Browsing the blog archives for June, 2006.


everyone’s favorite play

Romeo and Juliet, Shakespeare, literary criticism

I’m back to reading Bloom again — this Shakespeare thing is a great break from editing projects and the Wheel of Fortune, Employment version — and I just finished his chapter on Romeo and Juliet. Relevant to Bloom’s title, he states that Romeo, Juliet, the Nurse, and Mercutio are some of Shakespeare’s earliest “exuberantly realized characters”, and goes on in that vein for awhile.

I have recently held that Romeo and Juliet could equally have been a comedy as a tragedy. Until Tybalt’s death, everything in the play is reversible, or attributable only to chance; even with the deaths of Tybalt and Mercutio, there is still a chance for a happy ending. Bloom agrees with me, to a point:

With just a few alterations, Shakespeare could have transformed Romeo and Juliet into a play as cheerful as A Midsummer Night’s Dream. The young lovers, escaped to Mantua or Padua, would not have been victims of Verona, or of bad timing, or of cosmological contraries asserting their sway. Yet this travesty would have been intolerable for us, and for Shakespeare….

It is that very possibility that makes the play so magnetic. It could work out well, but it just doesn’t.

Bloom also quotes Hazlitt, describing Act II, Scene ii (”O swear not by the moon, th’inconstant moon”), in a sentence that I think describes the larger play as well:

[Shakespeare] has founded the passion of the two lovers not in the pleasures they had experienced, but on all the pleasures they had not experienced.

Part of the tragedy is that they’ve only had a taste of the deep love that they could have. They barely know what they’re missing, but the audience knows exactly. Bloom says of a later scene (”Wilt thou be gone? It is not yet near day”) that “Romeo and Juliet’s aubade is so disturbing precisely because they are not courtly love sophisticates working through a stylized ritual.” Had the play been about such sophisticates, the tragedy would not have cut so deeply, may not have endured as long as it has. Shakespeare has turned the world and the very stars against these young and innocent lovers, while such sophisticates live to woo another day. Romeo and Juliet have been married for mere days, have loved each other once, before they die.

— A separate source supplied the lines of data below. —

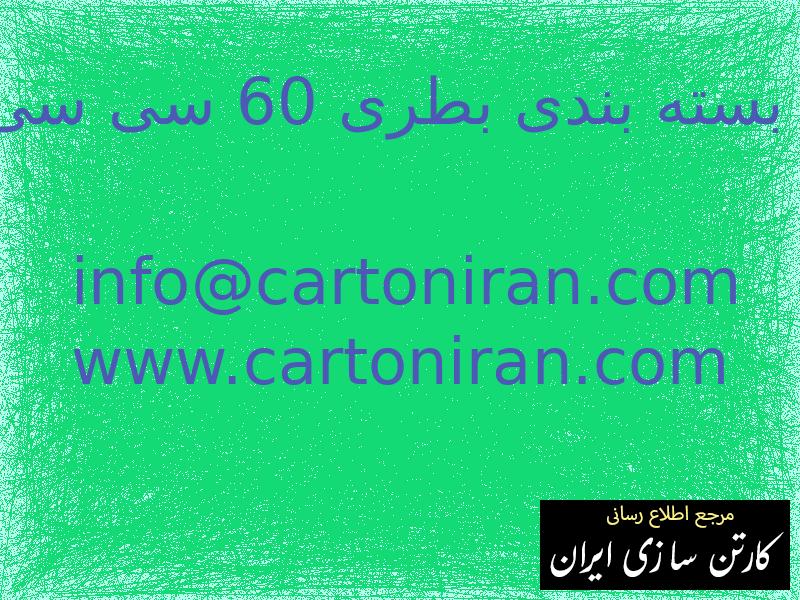 بسته بندی بطری 60 سی سی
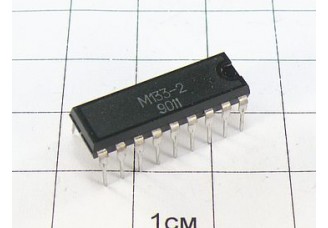 Микросхема КР572ПВ3 (М133-2)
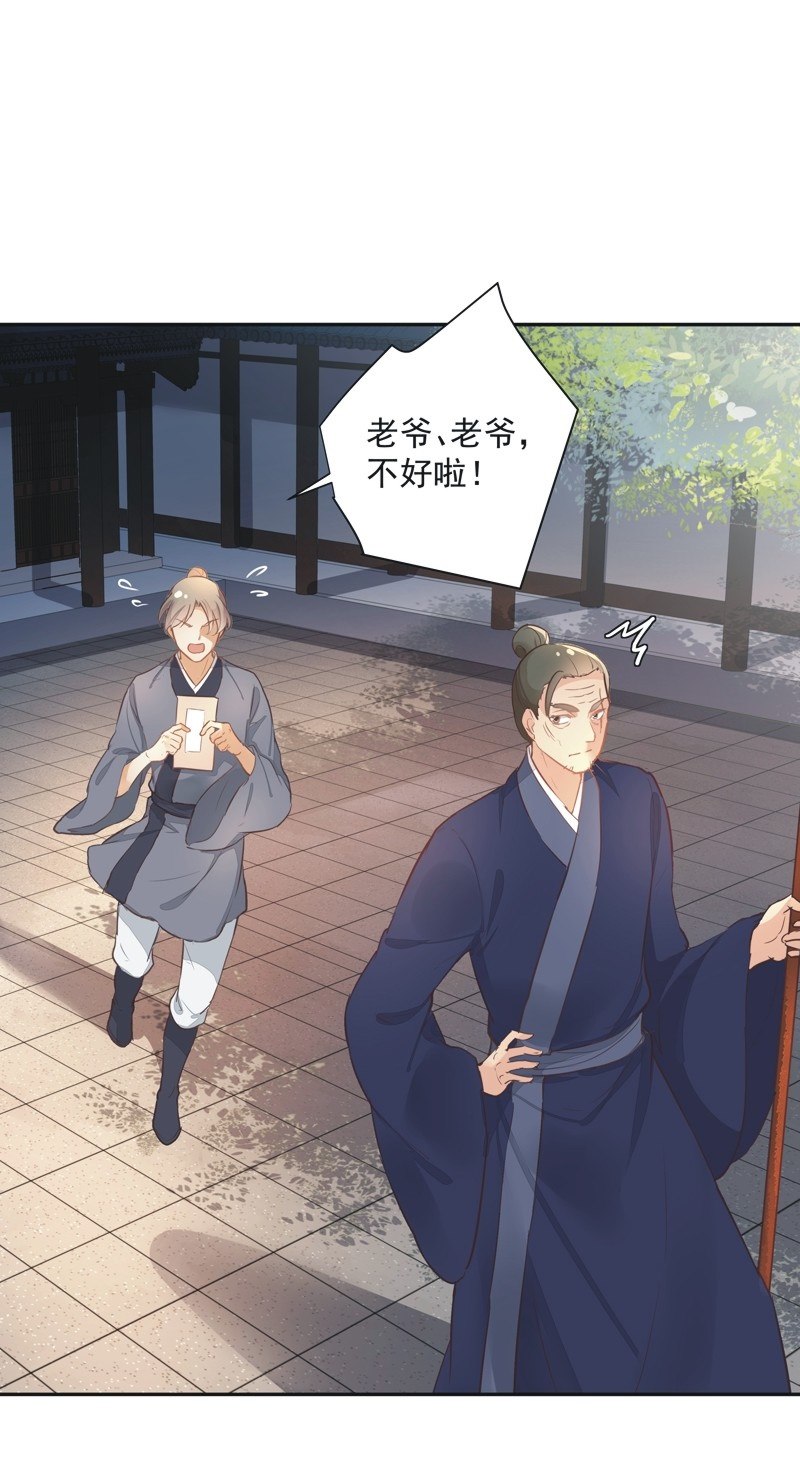 第48话3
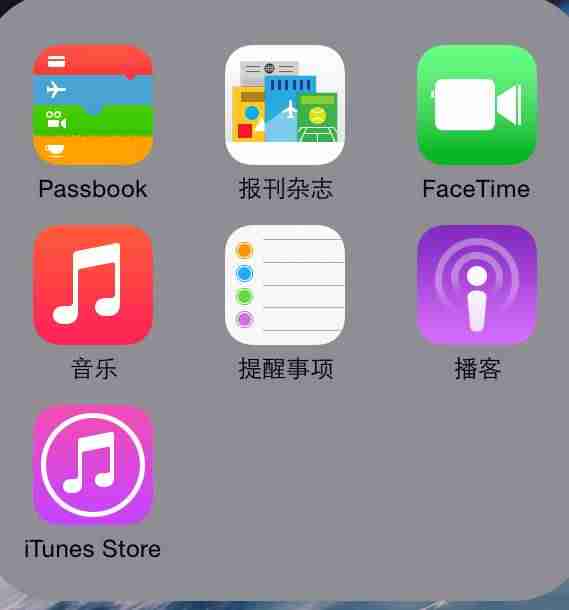 苹果手机自带软件都有哪些(教你恢复iphone自带软件)-第4张图片 苹果手机自带软件都有哪些(教你恢复iphone自带软件)-第4张图片
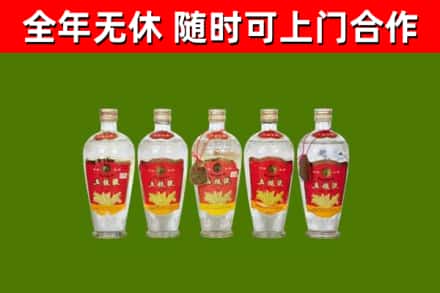 吉木乃烟酒回收公斤五粮液.jpg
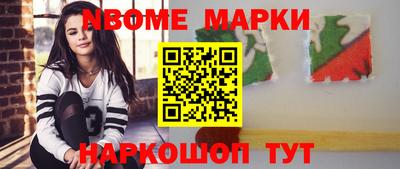 мефедрон мука Малгобек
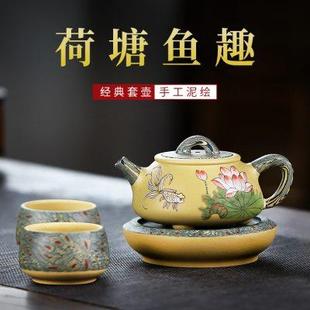 石瓢壶 宜兴紫砂壶纯手工泥绘荷塘鱼趣原矿段泥泡茶壶家用茶具套装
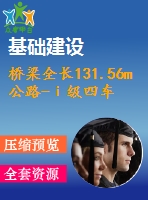 橋梁全長(zhǎng)131.56m公路-ⅰ級(jí)四車(chē)道5×25m預(yù)應(yīng)力混凝土簡(jiǎn)支轉(zhuǎn)連續(xù)箱梁（計(jì)算書(shū)+施組共99頁(yè)）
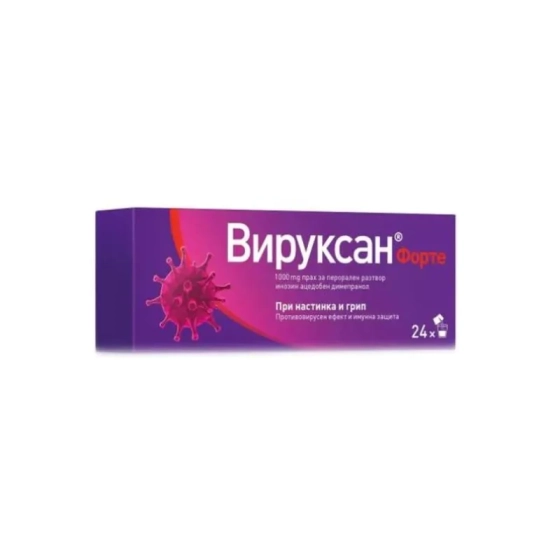 Вируксан форте прах при вирусни инфекции и настинка 1000мг х24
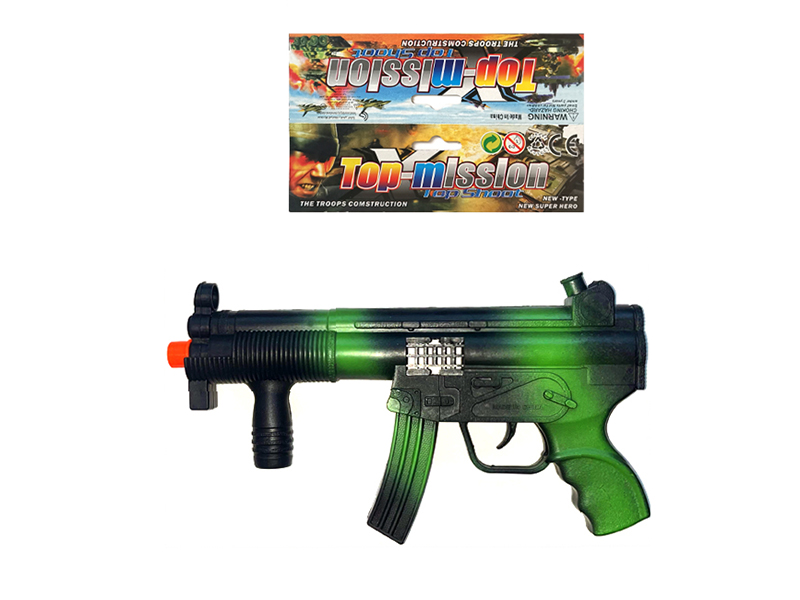 Camouflage Flint Gun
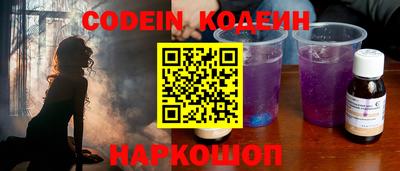 прущий лед Можга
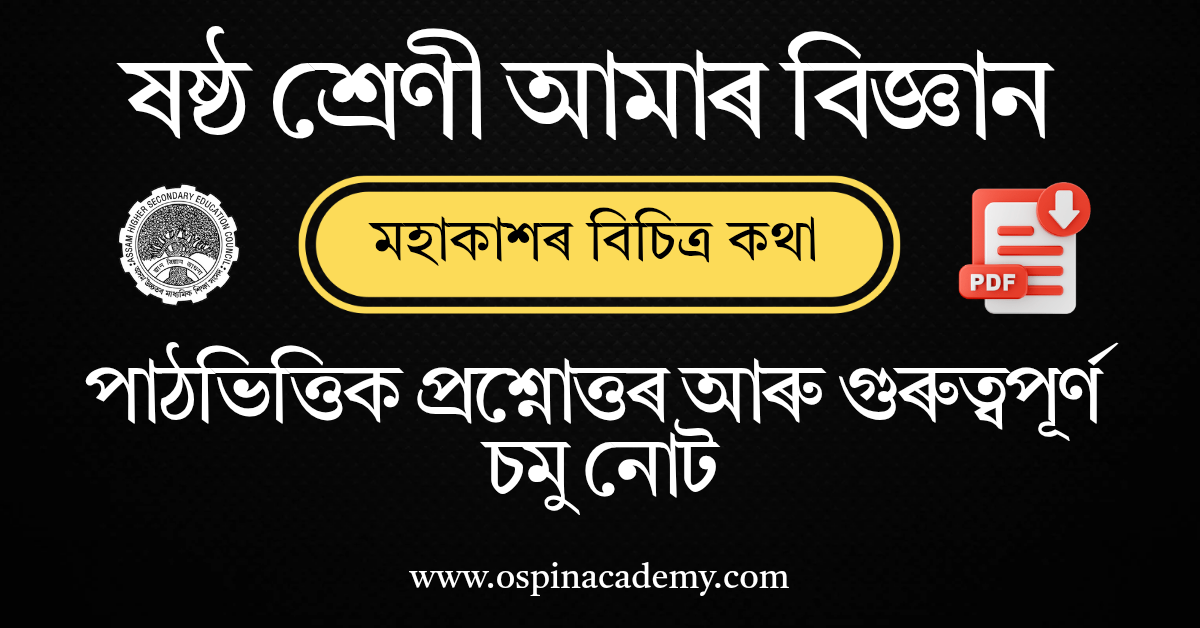 অধ্যায় ১৩ – মহাকাশৰ বিচিত্ৰ কথা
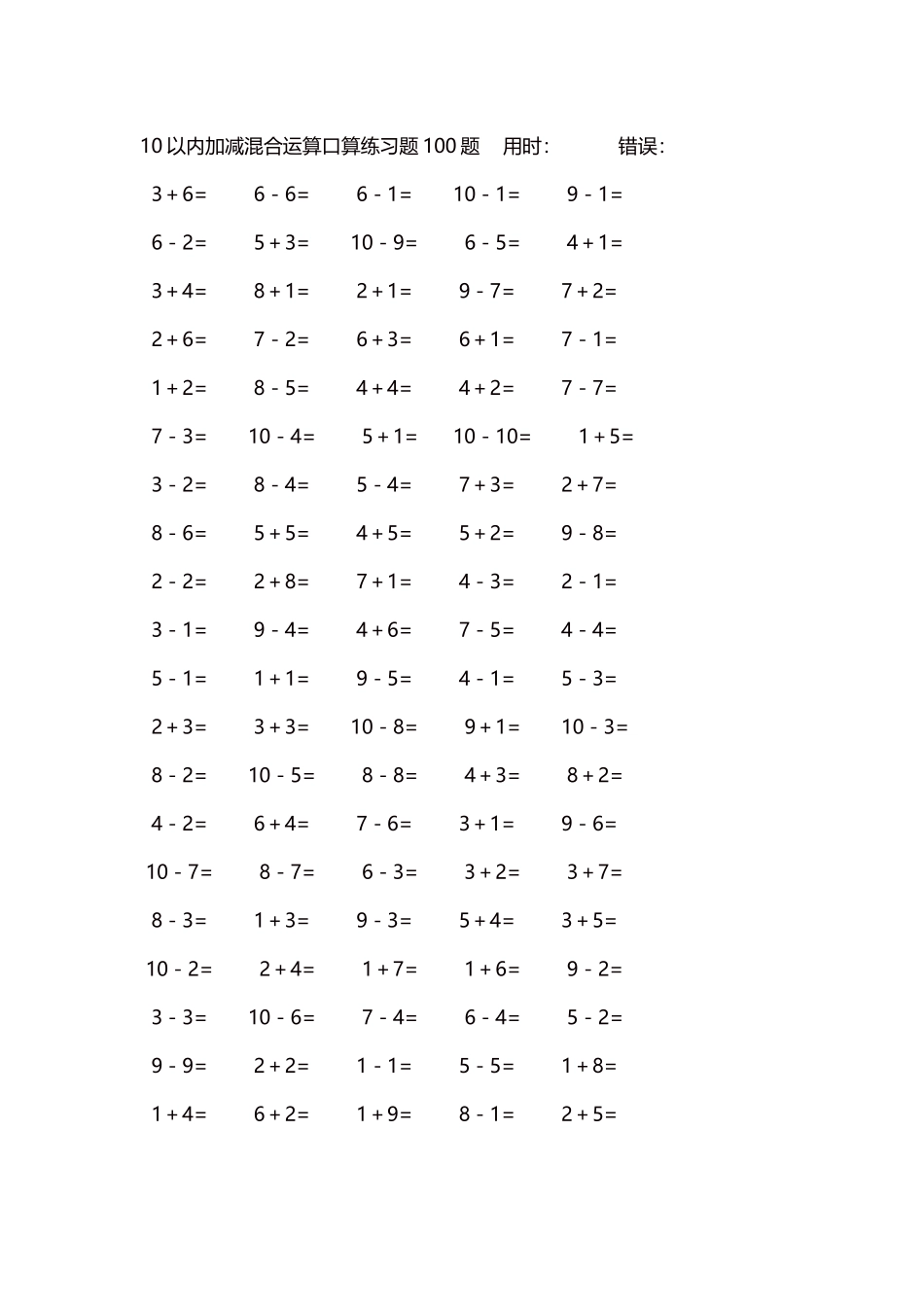 10以内加减混合运算口算练习题5000题每页100题429.docx_第1页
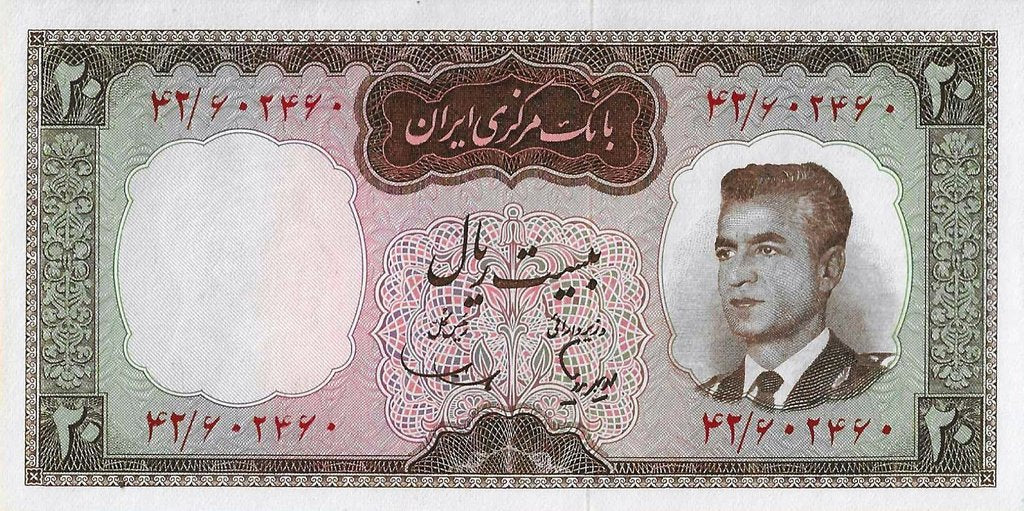 Irão - 20 Rials 1965 (# 78a)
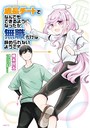 成長チートでなんでもできるようになったが、無職だけは辞められないようです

It’s absolutely heartrending.

I don’t think Shakespeare started writing the play as a comedy and changed his mind halfway through. I think he meant it as a tragedy the whole time, unless he went back and edited heavily to make those drastic changes and add in all the little unfortunate circumstances and near misses. (Bloom asserts that Shakespeare did so with Hamlet, that the “Ur-Hamlet” was written by Shakespeare himself as an earlier draft of the play we now have as Hamlet.) But I do think that the tragedy of Romeo and Juliet hinges on the possibility of a happy ending, and the fact that such an ending is denied.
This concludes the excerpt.